Doctrine of Frustration
When the performance of the contract becomes impossible, the purpose, which the parties have in mind, is frustrated. If the performance becomes impossible, because of supervening event, the promisor is excused from the performance of the contract. This known as doctrine of frustration under English law, and is covered by section 56 of the Indian Contract Act.
Section 56, Contract Act: Sec. 56. Agreement to do impossible act- An agreement to do an act impossible in itself is void.
Contract to do act afterwards becoming impossible or unlawful– A contract to do an act which, after the contract is made, becomes impossible, or, by reason of some event which the promisor could not prevent, unlawful, becomes void when the act becomes impossible or unlawful.
Compensation for loss through non-performance of act known to be impossible or unlawful- Where one person has promised to do something which he knew, or, with reasonable diligence, might have known, and which the promise did not know, to be impossible or unlawful, such promisor must make compensation to such promise for any loss which such promise sustains through the non-performance of the promise.
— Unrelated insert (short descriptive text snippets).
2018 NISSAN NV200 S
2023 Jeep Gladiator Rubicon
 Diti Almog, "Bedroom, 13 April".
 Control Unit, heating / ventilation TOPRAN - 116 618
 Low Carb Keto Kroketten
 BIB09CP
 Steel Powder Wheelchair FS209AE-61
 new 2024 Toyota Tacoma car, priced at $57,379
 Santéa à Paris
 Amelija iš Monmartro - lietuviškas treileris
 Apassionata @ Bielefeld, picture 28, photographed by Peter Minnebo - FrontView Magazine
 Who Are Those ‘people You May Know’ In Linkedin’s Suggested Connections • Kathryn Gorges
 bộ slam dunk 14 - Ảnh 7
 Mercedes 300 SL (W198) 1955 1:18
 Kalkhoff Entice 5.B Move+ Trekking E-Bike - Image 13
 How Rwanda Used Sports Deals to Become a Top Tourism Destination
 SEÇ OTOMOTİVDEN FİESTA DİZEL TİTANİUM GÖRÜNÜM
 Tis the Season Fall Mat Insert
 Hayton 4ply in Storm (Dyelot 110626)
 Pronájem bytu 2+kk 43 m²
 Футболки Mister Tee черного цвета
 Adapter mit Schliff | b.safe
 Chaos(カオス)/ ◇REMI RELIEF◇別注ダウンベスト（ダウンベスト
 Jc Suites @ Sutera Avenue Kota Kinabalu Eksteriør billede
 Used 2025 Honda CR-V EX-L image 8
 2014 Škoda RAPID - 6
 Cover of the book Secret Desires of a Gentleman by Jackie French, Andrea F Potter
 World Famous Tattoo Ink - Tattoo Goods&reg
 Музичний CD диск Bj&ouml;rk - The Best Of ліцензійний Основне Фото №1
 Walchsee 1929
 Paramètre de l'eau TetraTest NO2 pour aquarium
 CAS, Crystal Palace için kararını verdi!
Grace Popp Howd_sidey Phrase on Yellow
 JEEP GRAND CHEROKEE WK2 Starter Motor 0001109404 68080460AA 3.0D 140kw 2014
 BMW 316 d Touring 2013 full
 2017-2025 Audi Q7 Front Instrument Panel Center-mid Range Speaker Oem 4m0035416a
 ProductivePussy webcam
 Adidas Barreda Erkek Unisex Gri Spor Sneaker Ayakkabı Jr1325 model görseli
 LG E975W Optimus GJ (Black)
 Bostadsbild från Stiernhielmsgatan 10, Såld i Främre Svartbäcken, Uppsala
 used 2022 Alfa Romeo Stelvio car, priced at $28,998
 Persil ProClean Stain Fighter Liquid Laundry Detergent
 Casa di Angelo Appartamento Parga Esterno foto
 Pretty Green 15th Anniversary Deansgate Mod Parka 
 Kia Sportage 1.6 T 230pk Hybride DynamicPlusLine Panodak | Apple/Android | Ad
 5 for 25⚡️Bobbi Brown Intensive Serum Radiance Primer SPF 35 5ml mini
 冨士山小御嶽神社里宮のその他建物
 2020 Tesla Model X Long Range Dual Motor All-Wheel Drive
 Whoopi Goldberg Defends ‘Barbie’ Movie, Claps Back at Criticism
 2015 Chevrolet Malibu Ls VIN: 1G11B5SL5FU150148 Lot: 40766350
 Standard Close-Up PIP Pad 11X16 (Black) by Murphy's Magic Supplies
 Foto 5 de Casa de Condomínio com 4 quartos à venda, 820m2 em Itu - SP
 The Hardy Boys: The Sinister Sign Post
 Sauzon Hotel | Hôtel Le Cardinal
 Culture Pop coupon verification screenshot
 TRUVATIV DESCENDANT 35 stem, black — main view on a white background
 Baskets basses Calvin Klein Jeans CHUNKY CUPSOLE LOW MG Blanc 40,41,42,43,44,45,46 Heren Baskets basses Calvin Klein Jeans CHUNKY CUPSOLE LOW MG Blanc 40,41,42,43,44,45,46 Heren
Illustrations: (a). A agrees with B to discover treasure of magic. The agreement is void. (b). A and B contract to marry each other. Before the time fixed for the marriage, A goes mad. The contract becomes void. (c). A Contract to marry B, being already married to C, and being forbidden by the law to which he is subject to practice polygamy. A must make compensation to B for the loss caused to her by the non-performance of his promise. (e). A Contracts to act at a theatre for six months in consideration of a sum paid in advance by B. On several occasions A is too ill to act. The Contract to act on those occasions becomes void. Initial impossibility: Para of Sec. 56 provide that if a contract is impossible of being performed, the parties to it will never be able to fulfill their object, and hence such an agreement is void [See Illustration (a)] Subsequent or supervening impossibility: Para 2 of sec. 56 provide that the performance of contract may be possible when the contract is entered into but because of some event, the performance may subsequently become impossible or unlawful [see Illustration (b), (d) and (e)]. Para 3 of Sec. 56 deals with situation where one party knew about the impossibility of performance of the contract, but the other didn’t [See Illustration (c)]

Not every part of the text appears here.